AIM OF THE EXERCISE
Locate the line that contains "Item thumbnail for". Retype it and every line after it to the end of the records, exactly, but not the pictures.

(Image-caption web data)

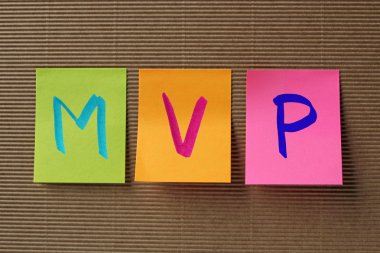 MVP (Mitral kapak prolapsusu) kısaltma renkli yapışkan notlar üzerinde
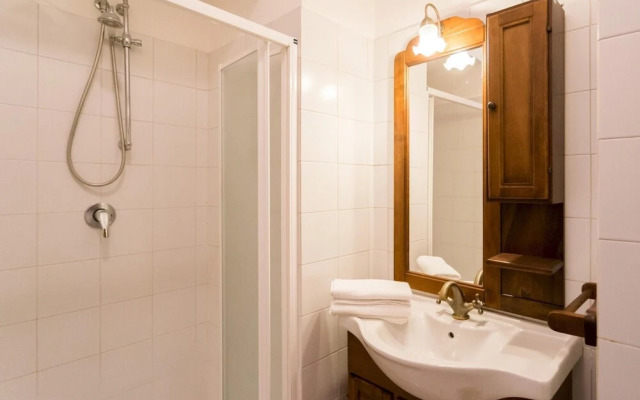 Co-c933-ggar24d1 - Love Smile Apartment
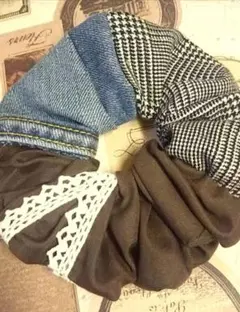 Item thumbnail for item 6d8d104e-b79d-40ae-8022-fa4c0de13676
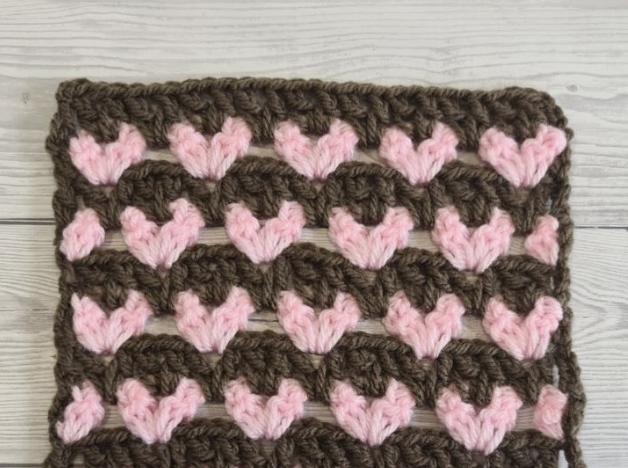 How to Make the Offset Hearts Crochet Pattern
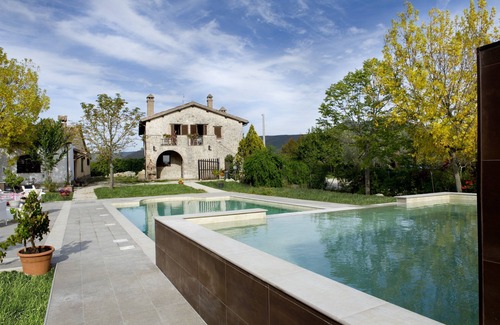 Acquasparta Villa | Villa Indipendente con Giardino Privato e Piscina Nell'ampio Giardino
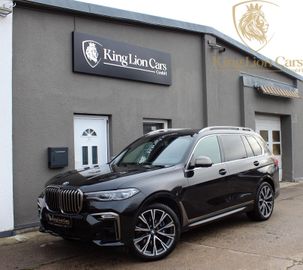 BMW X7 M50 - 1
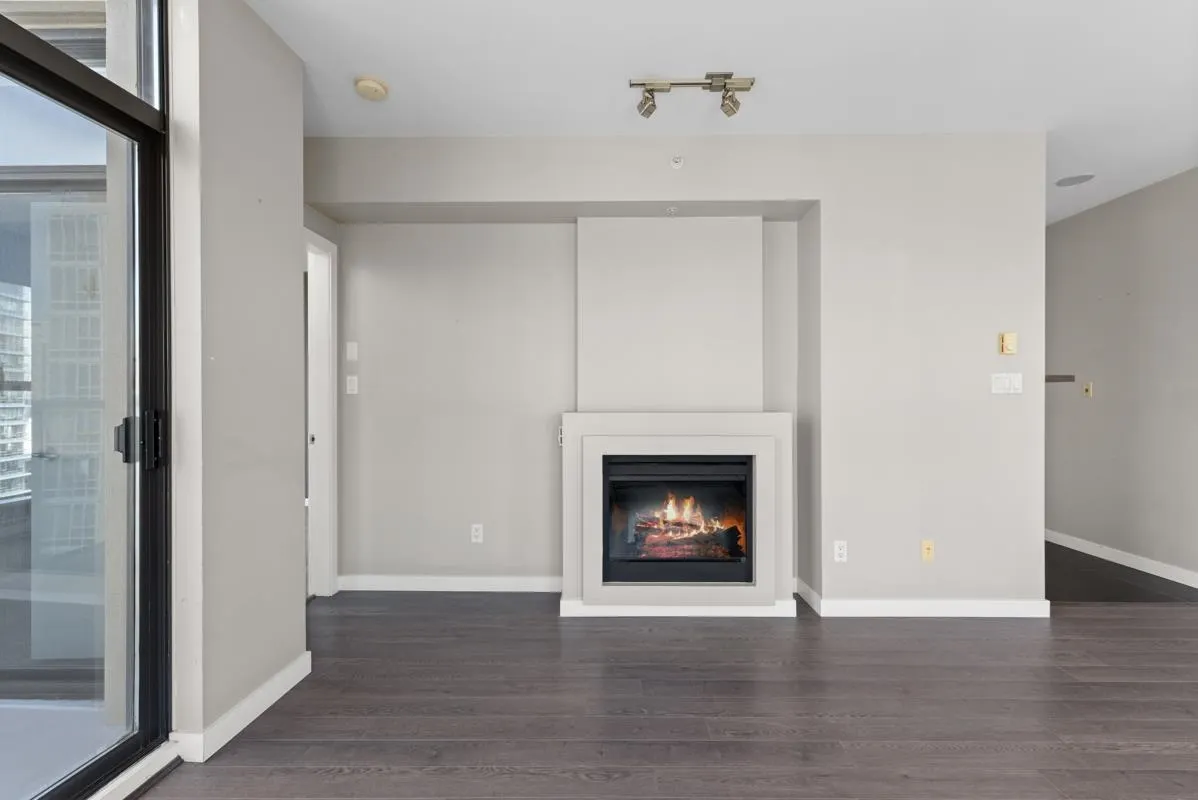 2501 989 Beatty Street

SOLUTION TO THIS PROBLEM
 Item thumbnail for item 6d8d104e-b79d-40ae-8022-fa4c0de13676
 How to Make the Offset Hearts Crochet Pattern
 Acquasparta Villa | Villa Indipendente con Giardino Privato e Piscina Nell'ampio Giardino
 BMW X7 M50 - 1
 2501 989 Beatty Street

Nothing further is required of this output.